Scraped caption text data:
* * *

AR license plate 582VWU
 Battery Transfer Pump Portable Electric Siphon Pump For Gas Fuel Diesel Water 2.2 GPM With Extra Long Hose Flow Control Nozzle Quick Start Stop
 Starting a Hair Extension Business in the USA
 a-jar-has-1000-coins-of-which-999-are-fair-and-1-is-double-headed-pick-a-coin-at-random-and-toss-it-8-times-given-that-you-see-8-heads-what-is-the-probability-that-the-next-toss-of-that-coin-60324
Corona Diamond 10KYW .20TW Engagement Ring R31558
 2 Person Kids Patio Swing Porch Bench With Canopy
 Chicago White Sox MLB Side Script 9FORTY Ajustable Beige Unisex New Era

* * *

◆ **Exercise prompt**
Search the records for lines holding the word "With", then copy each line you find.

◆ **Solution for this problem**
 Battery Transfer Pump Portable Electric Siphon Pump For Gas Fuel Diesel Water 2.2 GPM With Extra Long Hose Flow Control Nozzle Quick Start Stop
 2 Person Kids Patio Swing Porch Bench With Canopy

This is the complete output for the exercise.